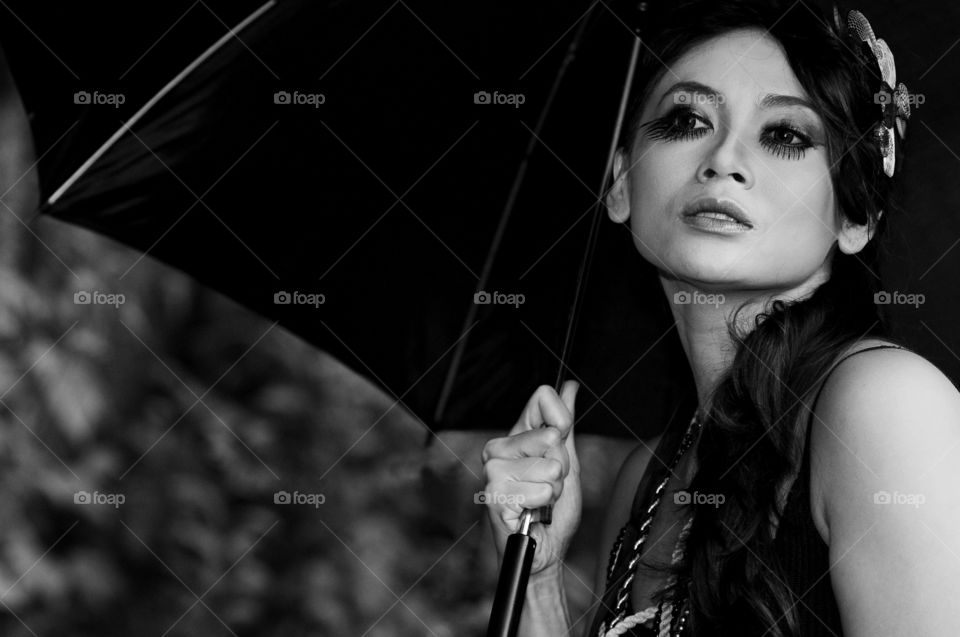 black umbrella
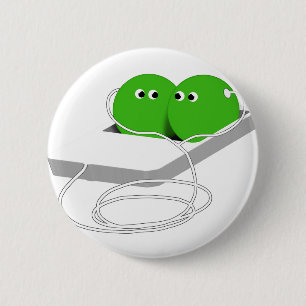 We zijn als twee erwten in een peul ronde button 5,7 cm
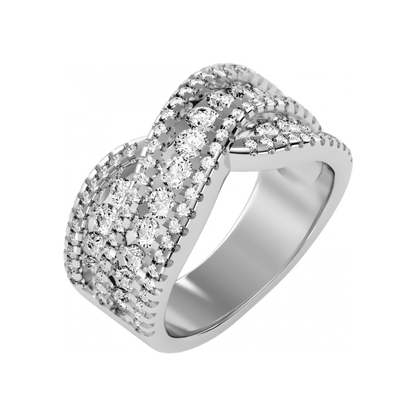 Noble Half Eternity Ring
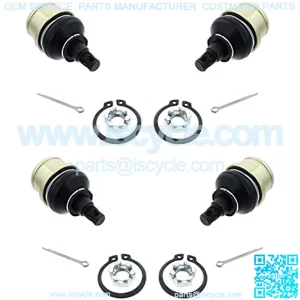 Cycle ATV Upper & Lower Ball Joints x4 fits Honda Foreman TRX450 450 500 420 Rancher Rincon TRX650 650 TRX680 680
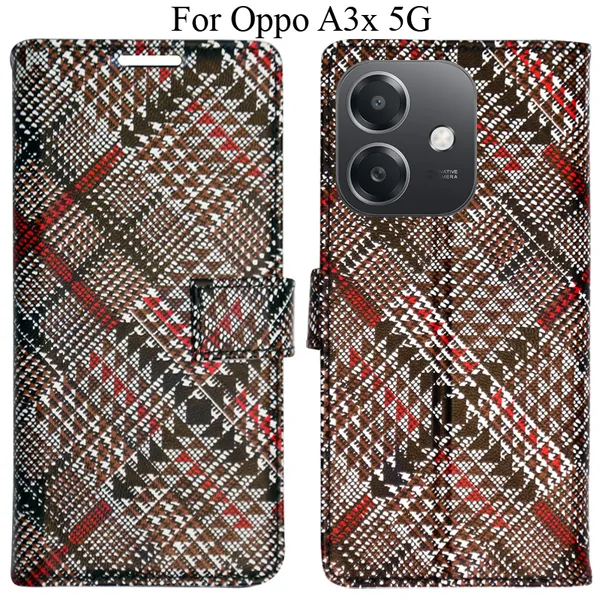 Red_Premium_Flip_Cover_For_Oppo_A3X_5G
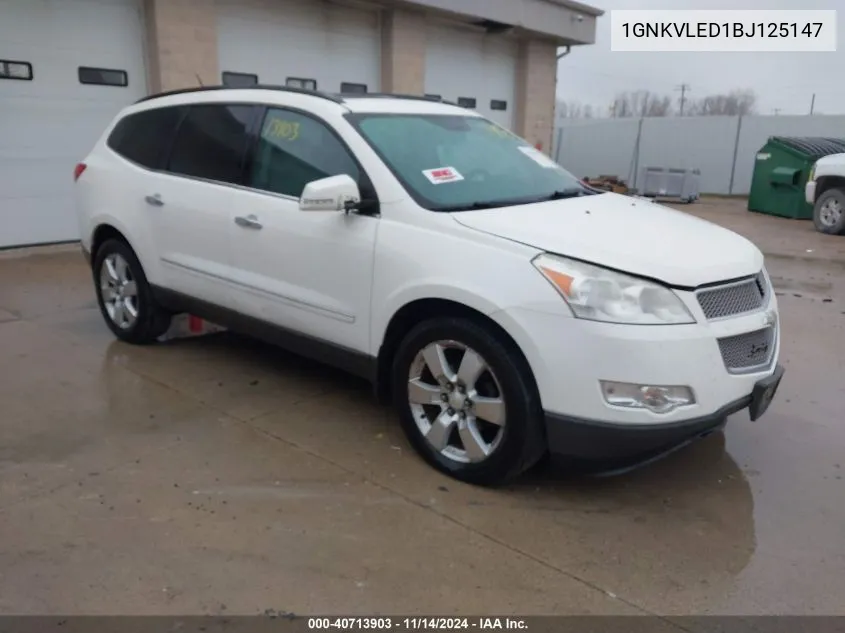 2011 Chevrolet Traverse Ltz VIN: 1GNKVLED1BJ125147 Lot: 40713903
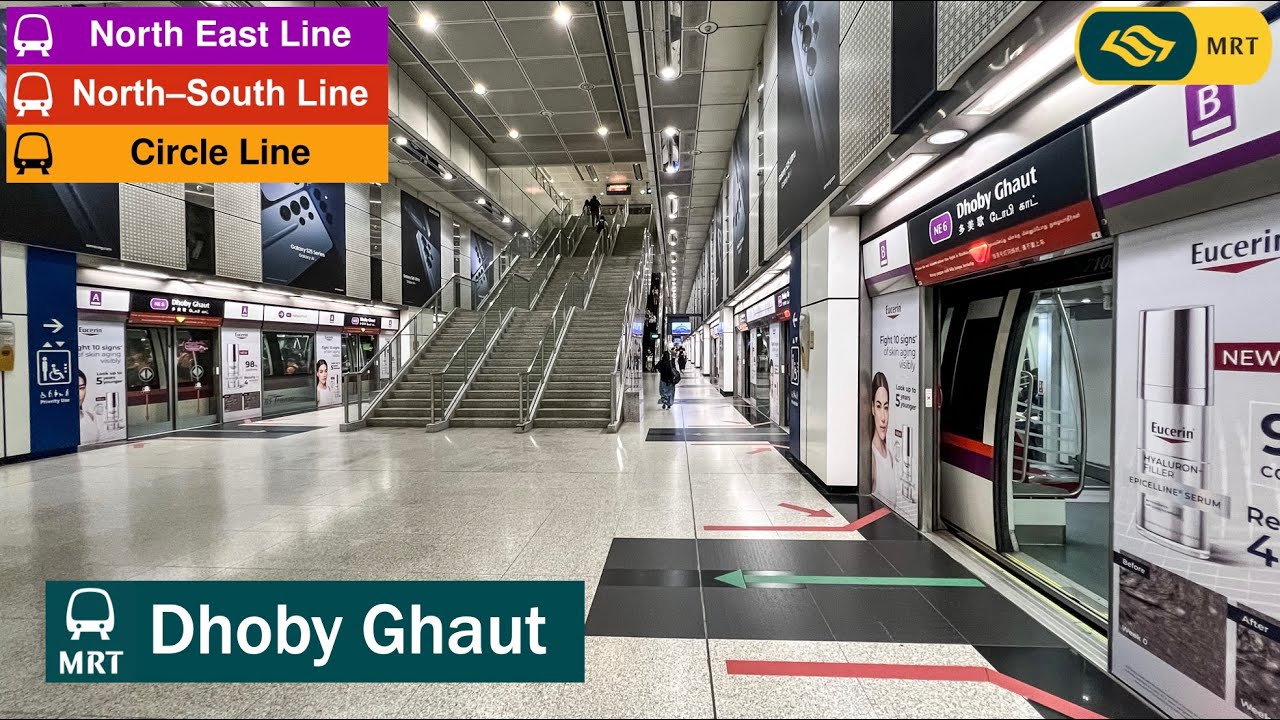 Singapore Vlog 5: Dhoby Ghaut MRT Station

_ _ _ _ _ _ _

What needs to be done: Return the material from above in full, exactly as written, with the pictures omitted.

Problem solution:
 black umbrella
 We zijn als twee erwten in een peul ronde button 5,7 cm
 Noble Half Eternity Ring
 Cycle ATV Upper & Lower Ball Joints x4 fits Honda Foreman TRX450 450 500 420 Rancher Rincon TRX650 650 TRX680 680
 Red_Premium_Flip_Cover_For_Oppo_A3X_5G
 2011 Chevrolet Traverse Ltz VIN: 1GNKVLED1BJ125147 Lot: 40713903
 Singapore Vlog 5: Dhoby Ghaut MRT Station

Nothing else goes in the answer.